Stop for a minute and let’s consider this. For at least three hours, the school and teacher and especially school administration had his clock in their hands. They did not evacuate the school buildings. They did not immediately contact authorities. THEY KNEW IT WASN’T A BOMB. You do not sit around with something you even remotely suspect to be a bomb at your school for a few hours, with no regards for evacuating or taking further safety precautions.

Instead, they tried to figure out ways to screw up this situation worse. I mean, hey, I can understand “We don’t want students bringing non-classroom assignment homebrew electronics to school.” Great. Totally get it. Call Ahmed into the office, explain that to him, explain why, give him his stuff, send him home. You can do that because YOU KNOW THIS ISN’T A BOMB.

But hey, further on into the story. Ahmed is told to make a written statement to the principal of the school regarding the nature of his “bomb hoax” or face expulsion. He doesn’t do it. Good kid. Lousy administrator.

In addition, he’s brought in to the office and there are four cops there, whom he’s never seen before. One says: “Yep, that’s who I thought it was.”

This is an issue about Islamophobia and race, sadly.

Cuffing the kid at school is pretty rough though.

No. You’re wrong here.

As demonstrated: THEY KNEW IT WASN’T A BOMB THE WHOLE TIME. I feel like I shouldn’t have to shout this, but so many folks seem to be missing this. They didn’t need to get Ahmed to tell them this wasn’t a bomb. They already knew that. If you suspect something is a bomb and you’re a school administrator or a cop, you take immediate, forceful action to evacuate an area. Schools send everyone out to parking lots routinely for bullshit phoned-in bomb threats all the time.

They may say things about “We didn’t know,” but NOTHING in their actions taken support that idea. Their actions clearly show that the entire time they fully understood that this pencil case was not a bomb.

The Irving police showing that photo with very few reference points to see that it isn’t a suitcase furthers the prevarication going on.

OK, so what was told to the parents is that the teacher took it as a threat. I’m going to bet that is the “information” that the school isn’t releasing. When he showed her the clock, she interpreted it as an implied threat (somehow).

The school didn’t release that information. Ahmed, in his statement, is the one that said she interpreted it as a threat and said he felt.

From the news story:

The teen said he built the clock to impress his teacher and when he showed it to her Monday, she thought it was a threat towards her. He ended up being detained by police in the school later that day.

“It’s really sad that she took the wrong impression of it,” Mohamed said.

I was only rebutting the idea that any cop should immediately be able to look at that and know it’s not a bomb or lookalike bomb. I’m not missing a goddamned thing.

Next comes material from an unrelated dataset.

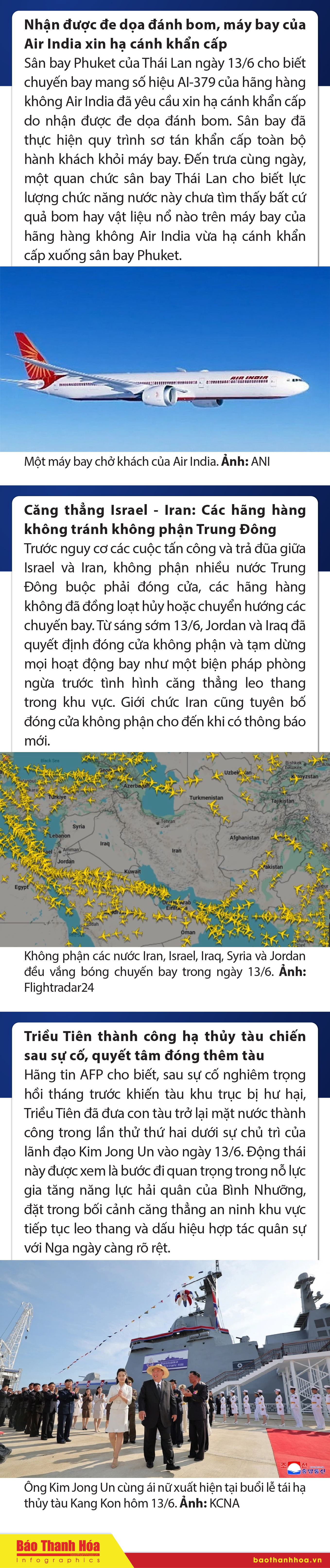 Sự kiện nổi bật trong nước, quốc tế ngày 13/6/2025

I wholly agree that the situation sucks and everyone involved (except the kid and his family) were wrong.

Right, but what I’m saying is, if the operating supposition is: “We thought it might be a bomb” or “We didn’t know it wasn’t a bomb”, then the action that follows is bomb-threat protocols and procedures for evacuation of school premises by students and personnel.

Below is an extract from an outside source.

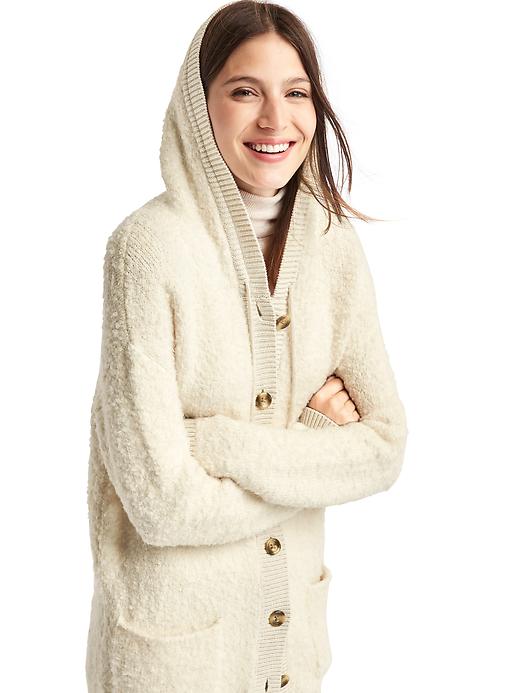 Image number 5 showing, Boucle hooded cardigan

That they didn’t do these things renders “We didn’t know it wasn’t a bomb” completely inoperable as an explanation.

OMG, trigger. I was only replying to John Doyle’s post that it’s ridiculous for a cop not to see it wasn’t a bomb.

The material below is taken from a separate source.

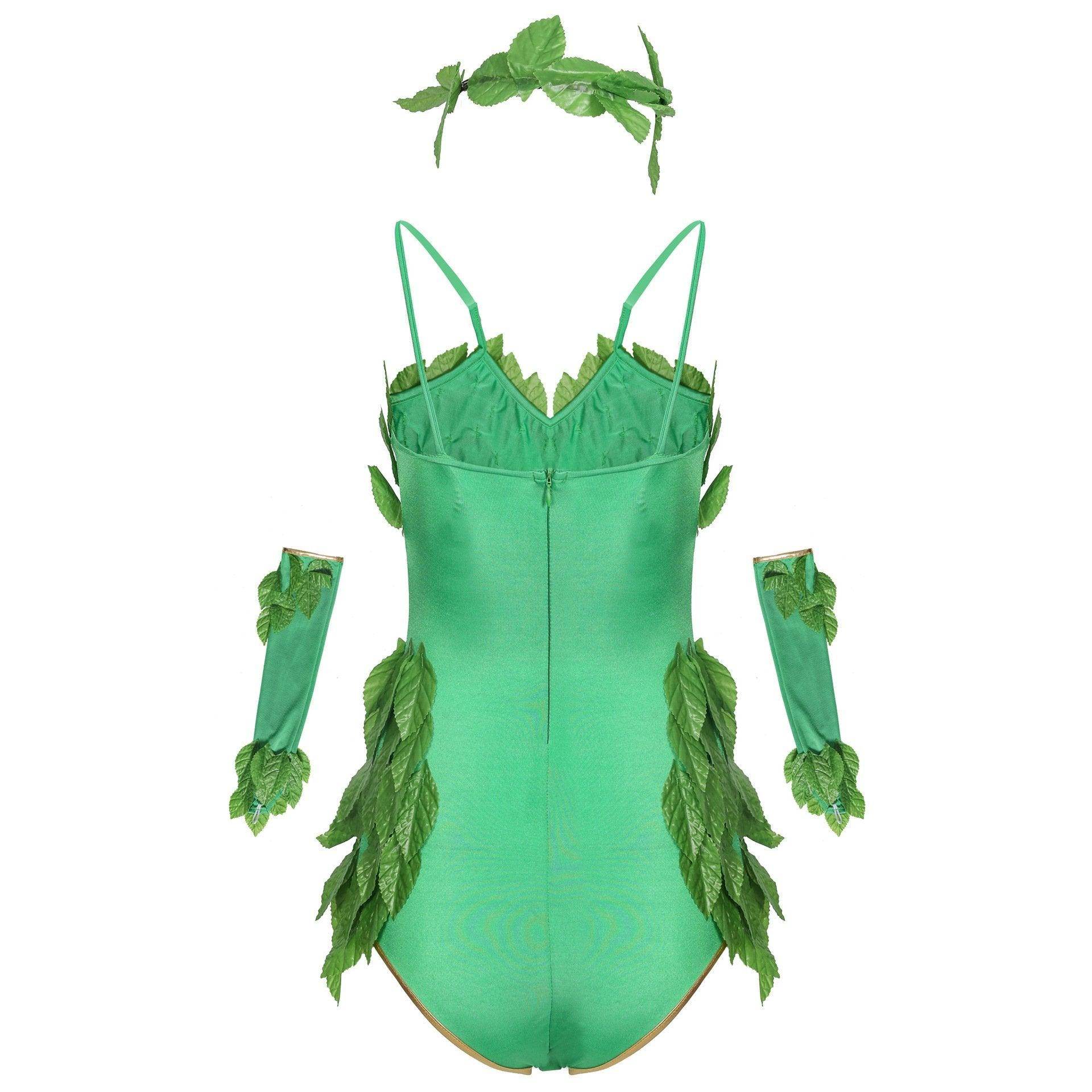 Women's Deluxe Poison Ivy Costume Jumpsuit Halloween - Ecosfun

If this is correct than my point about it being “weird” that he showed it outside of science class is the origin of the confrontation. Not that anecdota makes anecdata but i never remember any crossover from any class in high or junior high outside of sports or band. I never and remember no one ever going “hey, check out my lab experiment, English teacher!”. And that’s where the poor kid went wrong; he is still too young to perceive how an innocent expression of enthusiasm will be taken by an adult as being out-of-context and suspect. And it probably more than anything reflects the discomfort of the English teacher specifically about being shown a box with wires by a Muslim boy for no English class related reason, since she set the chain of events in motion and the school is, in essence, covering for her, and police are covering for the school.